Severo Jurado López

Personal information
- Full name: Severo Jesus Jurado López
- Born: 9 September 1988 (age 37) Seville, Spain
- Website: juradodressage.com

Sport
- Country: Spain
- Sport: Equestrian

Achievements and titles
- Olympic finals: Rio de Janeiro 2016, Tokyo 2020

Medal record
Equestrian
Representing Spain
World Championships for Young Horses
| Gold medal – first place | 2015 Verden | Individual dressage 5 years old horses |
| Gold medal – first place | 2016 Ermelo | Individual dressage 6 years old horses |
| Gold medal – first place | 2017 Ermelo | Individual dressage 7 years old horses |
| Gold medal – first place | 2018 Ermelo | Individual dressage 6 years old horses |
| Gold medal – first place | 2019 Ermelo | Individual dressage 7 years old horses |
| Bronze medal – third place | 2017 Ermelo | Individual dressage 6 years old horses |

= Severo Jurado =

Spanish equestrian (born 1988)

Severo Jurado Lopez (born 9 September 1988) is a Spanish Olympic dressage rider. Representing Spain, he competed at the 2016 Summer Olympics in Rio de Janeiro where he finished 5th in the individual and 7th in the team competitions. His Olympic horse was the chestnut gelding Lorenzo. He was also part of the Spanish Olympic team during the 2020 Summer Olympics, finishing 38th in the Grand Prix and 21st in the Grand Prix Special with his horse Fendi.

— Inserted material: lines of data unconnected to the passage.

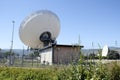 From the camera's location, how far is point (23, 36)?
46.6 meters

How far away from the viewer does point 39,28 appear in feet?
148

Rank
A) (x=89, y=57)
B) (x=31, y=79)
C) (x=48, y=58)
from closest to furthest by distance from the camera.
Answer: (x=89, y=57)
(x=31, y=79)
(x=48, y=58)

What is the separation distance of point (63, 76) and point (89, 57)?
4.67 ft

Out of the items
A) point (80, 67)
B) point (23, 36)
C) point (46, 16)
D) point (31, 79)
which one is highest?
point (46, 16)

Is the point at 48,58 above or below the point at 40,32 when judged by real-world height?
below

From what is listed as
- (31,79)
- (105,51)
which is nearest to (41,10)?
(105,51)

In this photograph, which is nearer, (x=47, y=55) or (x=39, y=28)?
(x=47, y=55)

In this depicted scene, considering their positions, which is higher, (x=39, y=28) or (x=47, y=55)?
(x=39, y=28)

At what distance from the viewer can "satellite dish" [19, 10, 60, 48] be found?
44625mm

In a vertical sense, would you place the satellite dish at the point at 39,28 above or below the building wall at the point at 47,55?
above

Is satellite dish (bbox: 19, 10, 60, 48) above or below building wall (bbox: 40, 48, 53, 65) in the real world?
above

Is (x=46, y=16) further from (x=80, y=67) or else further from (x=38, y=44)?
(x=80, y=67)

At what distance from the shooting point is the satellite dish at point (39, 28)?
4462cm

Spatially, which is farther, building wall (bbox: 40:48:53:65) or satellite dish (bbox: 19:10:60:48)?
satellite dish (bbox: 19:10:60:48) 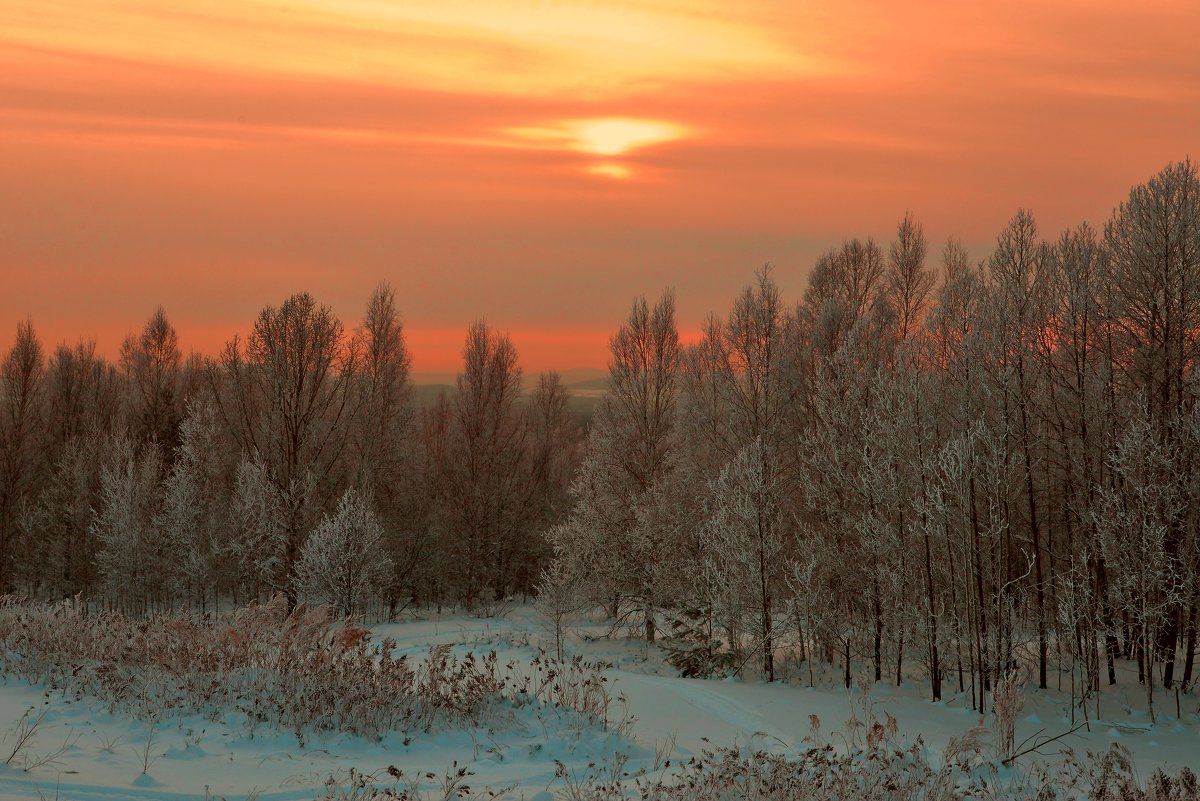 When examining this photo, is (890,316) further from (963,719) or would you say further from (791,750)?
(791,750)

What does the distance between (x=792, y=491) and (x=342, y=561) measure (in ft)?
43.7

In 2015, 2016 and 2017 he won the World Championship for Young Horses with Fiontini.
In 2017 he got the bronze medal in the World Championships for Young Horses with Quel Filou.
In 2018 he won the World Championships for Young Horses with D'Avie.

Severo has competed in the European Championship on Deep Impact (De Niro x Rubinstein) in 2017 in Gothenburg (Sweden) and also the World Equestrian Games in Tryon (USA) in 2018.

== Controversies ==

In 2024, he was accused of being involved in a money laundering network, headed by Alessandro Bazzoni and Siri Evjemo-Nysveen, dedicated to the purchase of polo horses with money from corruption in the Venezuelan oil company PDVSA through the companies CGC One Planet and Clareville Grove Capital.